[DIRECTIONS FOR THIS TASK]: With pictures left out, output exactly the lines of the listing below from the line that has "Beautiful young pregnant" to the line that has "Bottle of hot", both lines kept.

[DATA FOR THE TASK]:
***

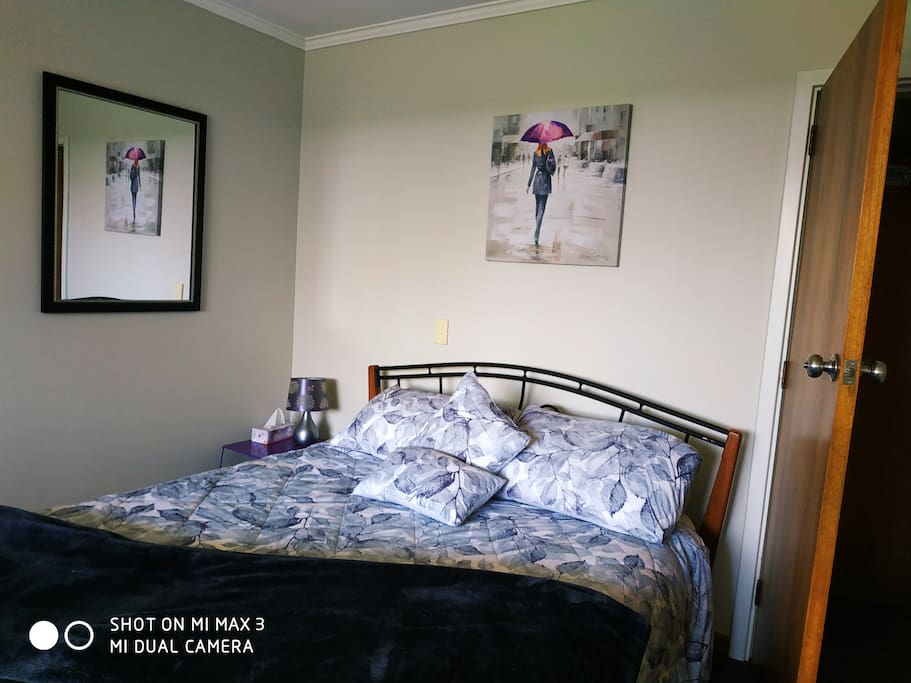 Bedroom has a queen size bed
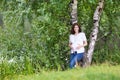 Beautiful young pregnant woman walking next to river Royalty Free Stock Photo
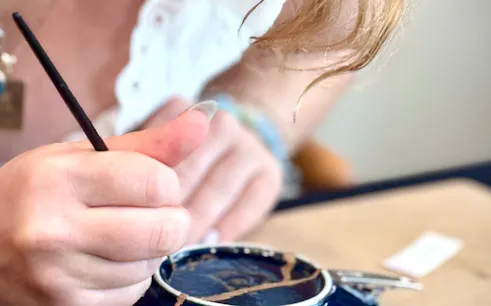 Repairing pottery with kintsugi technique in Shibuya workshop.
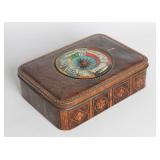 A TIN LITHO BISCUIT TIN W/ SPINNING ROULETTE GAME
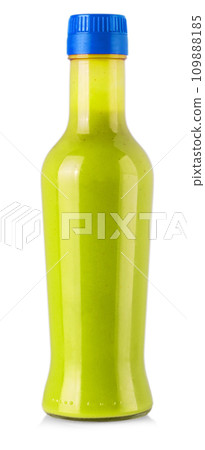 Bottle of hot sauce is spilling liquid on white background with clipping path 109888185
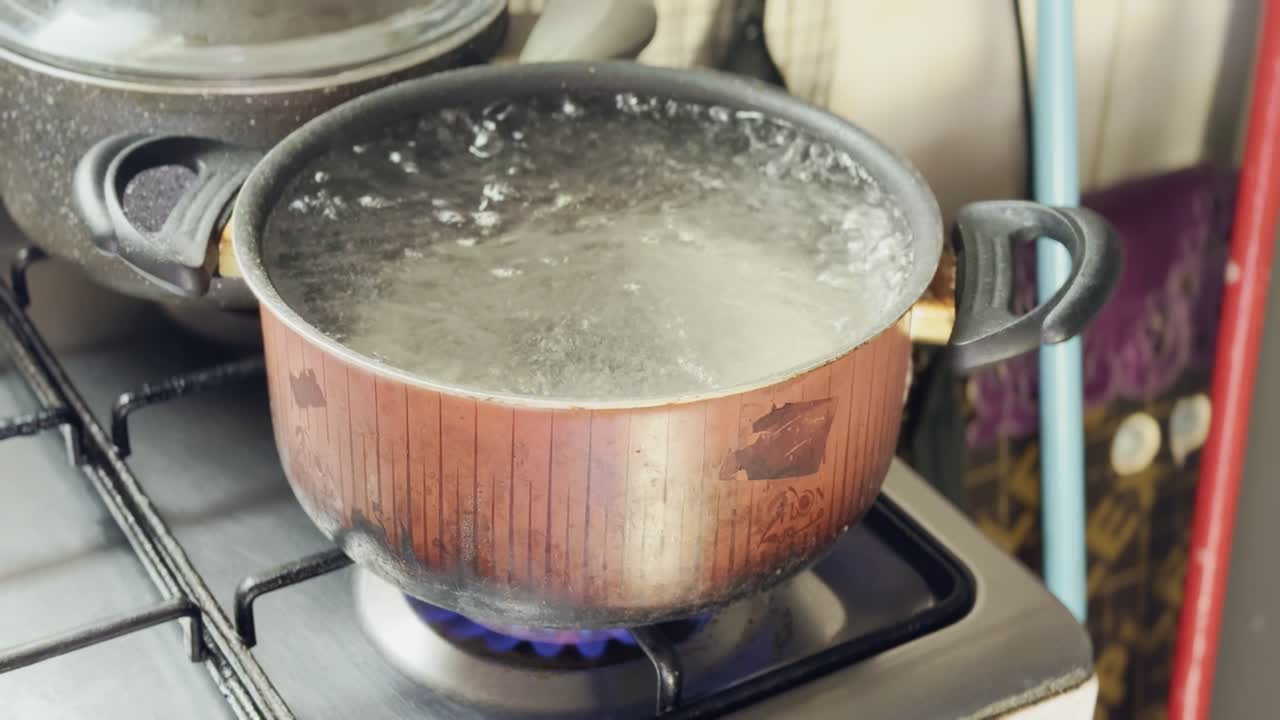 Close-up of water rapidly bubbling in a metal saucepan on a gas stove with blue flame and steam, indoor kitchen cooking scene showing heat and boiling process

***

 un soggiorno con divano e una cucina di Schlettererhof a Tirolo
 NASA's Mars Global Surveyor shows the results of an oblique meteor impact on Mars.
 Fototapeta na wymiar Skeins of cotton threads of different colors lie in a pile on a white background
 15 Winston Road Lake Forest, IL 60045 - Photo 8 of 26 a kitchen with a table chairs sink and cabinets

***

[EXPECTED ANSWER]:
 Beautiful young pregnant woman walking next to river Royalty Free Stock Photo
 Repairing pottery with kintsugi technique in Shibuya workshop.
 A TIN LITHO BISCUIT TIN W/ SPINNING ROULETTE GAME
 Bottle of hot sauce is spilling liquid on white background with clipping path 109888185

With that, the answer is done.